» WHAT YOU SHOULD DO
The listing below must be reproduced in full, exactly as written.

- Opening Delimiter -

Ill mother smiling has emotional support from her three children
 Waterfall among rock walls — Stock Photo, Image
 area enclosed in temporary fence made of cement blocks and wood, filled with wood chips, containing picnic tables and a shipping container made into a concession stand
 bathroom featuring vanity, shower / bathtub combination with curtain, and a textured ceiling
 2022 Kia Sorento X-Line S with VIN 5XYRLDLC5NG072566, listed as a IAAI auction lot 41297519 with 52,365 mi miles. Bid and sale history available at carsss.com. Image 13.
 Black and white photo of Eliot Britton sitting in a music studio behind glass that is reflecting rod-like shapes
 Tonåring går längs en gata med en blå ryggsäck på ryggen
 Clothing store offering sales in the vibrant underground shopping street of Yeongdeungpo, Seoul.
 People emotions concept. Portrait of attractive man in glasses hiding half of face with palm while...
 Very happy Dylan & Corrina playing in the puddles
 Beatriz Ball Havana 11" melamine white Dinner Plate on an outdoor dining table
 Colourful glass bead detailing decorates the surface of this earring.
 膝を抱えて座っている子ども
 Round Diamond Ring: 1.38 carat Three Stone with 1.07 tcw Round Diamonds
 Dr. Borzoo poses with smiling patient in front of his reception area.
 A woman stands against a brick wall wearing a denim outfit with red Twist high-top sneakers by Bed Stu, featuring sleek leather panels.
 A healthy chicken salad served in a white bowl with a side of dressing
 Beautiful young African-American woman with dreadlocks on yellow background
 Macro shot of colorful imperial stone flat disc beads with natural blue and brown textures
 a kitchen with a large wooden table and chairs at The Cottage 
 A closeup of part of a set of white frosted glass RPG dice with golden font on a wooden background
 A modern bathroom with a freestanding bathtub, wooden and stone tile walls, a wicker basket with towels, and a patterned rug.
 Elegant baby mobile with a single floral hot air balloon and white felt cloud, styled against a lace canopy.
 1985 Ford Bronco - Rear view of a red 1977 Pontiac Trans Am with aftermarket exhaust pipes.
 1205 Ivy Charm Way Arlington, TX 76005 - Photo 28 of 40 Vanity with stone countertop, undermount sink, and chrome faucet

- Closing Delimiter -

» SOLVED PROBLEM
Ill mother smiling has emotional support from her three children
 Waterfall among rock walls — Stock Photo, Image
 area enclosed in temporary fence made of cement blocks and wood, filled with wood chips, containing picnic tables and a shipping container made into a concession stand
 bathroom featuring vanity, shower / bathtub combination with curtain, and a textured ceiling
 2022 Kia Sorento X-Line S with VIN 5XYRLDLC5NG072566, listed as a IAAI auction lot 41297519 with 52,365 mi miles. Bid and sale history available at carsss.com. Image 13.
 Black and white photo of Eliot Britton sitting in a music studio behind glass that is reflecting rod-like shapes
 Tonåring går längs en gata med en blå ryggsäck på ryggen
 Clothing store offering sales in the vibrant underground shopping street of Yeongdeungpo, Seoul.
 People emotions concept. Portrait of attractive man in glasses hiding half of face with palm while...
 Very happy Dylan & Corrina playing in the puddles
 Beatriz Ball Havana 11" melamine white Dinner Plate on an outdoor dining table
 Colourful glass bead detailing decorates the surface of this earring.
 膝を抱えて座っている子ども
 Round Diamond Ring: 1.38 carat Three Stone with 1.07 tcw Round Diamonds
 Dr. Borzoo poses with smiling patient in front of his reception area.
 A woman stands against a brick wall wearing a denim outfit with red Twist high-top sneakers by Bed Stu, featuring sleek leather panels.
 A healthy chicken salad served in a white bowl with a side of dressing
 Beautiful young African-American woman with dreadlocks on yellow background
 Macro shot of colorful imperial stone flat disc beads with natural blue and brown textures
 a kitchen with a large wooden table and chairs at The Cottage 
 A closeup of part of a set of white frosted glass RPG dice with golden font on a wooden background
 A modern bathroom with a freestanding bathtub, wooden and stone tile walls, a wicker basket with towels, and a patterned rug.
 Elegant baby mobile with a single floral hot air balloon and white felt cloud, styled against a lace canopy.
 1985 Ford Bronco - Rear view of a red 1977 Pontiac Trans Am with aftermarket exhaust pipes.
 1205 Ivy Charm Way Arlington, TX 76005 - Photo 28 of 40 Vanity with stone countertop, undermount sink, and chrome faucet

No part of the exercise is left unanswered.